I am excited about comics, because I think they’re fun for youth. They are low-cost, accessible to those with low literacy and can spark emotion. And there was already evidence that graphic medicine, as it’s called, can be effective in health education. I liked that we were not just providing them with information, we were asking them: how would you complete the story?
Digital versions of the comics are available on the SSHINE Lab website.
Dr. Carmen Logie joined the Factor-Inwentash Faculty of Social Work in 2013 as an Assistant Professor and was promoted to full Professor in 2022. She is an Adjunct Scientist at Women’s College Research Institute, an Adjunct Professor at the United Nations University Institute for Water, Environment & Health, and a Research Scientist at the Centre for Gender & Sexual Health Equity. She holds the Canadian Research Chair in Global Health Equity and Social Justice with Marginalized Populations.
Dr. Logie has been awarded funding from the Canadian Institutes of Health Research (CIHR), CIHR Clinical Trials Network, Social Sciences & Humanities Research Council of Canada, Grand Challenges Canada, Canada Research Chairs, and Canada Foundation for Innovation (CFI), to lead global research focused on sexual health and rights. She directs the CFI ‘Stigma & Sexual Health Interventions to Nurture Empowerment’ (SSHINE) Lab, collaborates with the World Health Organization (WHO) and was a guideline development member for the WHO Consolidated Guidelines on Self-care Interventions for Health: Sexual and Reproductive Health & Rights, including the Classification of self-care interventions for health: a shared language to describe the uses of self-care interventions.

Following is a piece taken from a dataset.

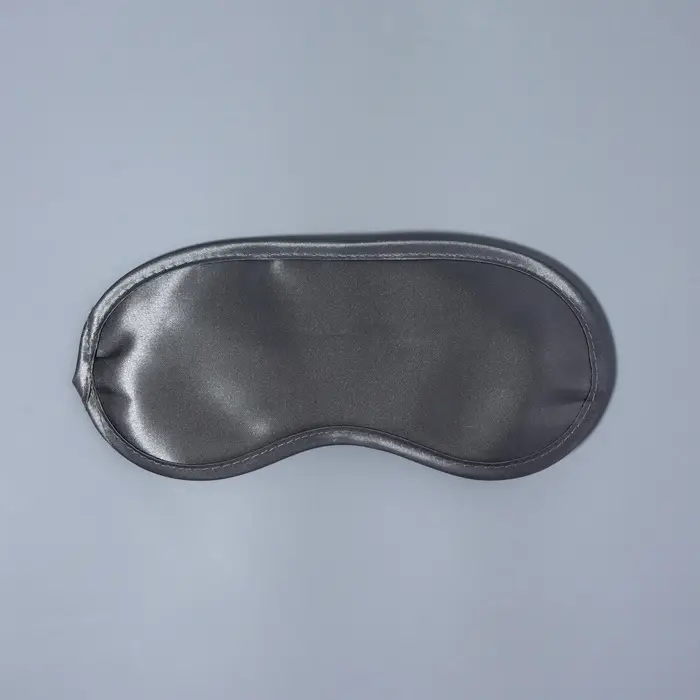 Маска для сна, сатиновая, резинка одинарная, 19×8.5 см, серая Маска для сна, сатиновая, резинка одинарная, 19×8.5 см, серая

Dr. Logie has published more than 240 articles, cited more than 9000 times; you can learn more about her publications here and here. She is Deputy Editor at the Journal of the International AIDS Society and on the Editorial Boards for Social Science & Medicine Mental Health and PLOS Global Health. Her latest book Working with Excluded Populations in HIV: Hard to Reach or Out of Sight? was published in 2021 as part of the Social Aspects of HIV Series. In 2020, Dr. Logie launched the ‘Everybody Hates Me: Let’s Talk About Stigma‘ podcast featuring stigma experts from across the world.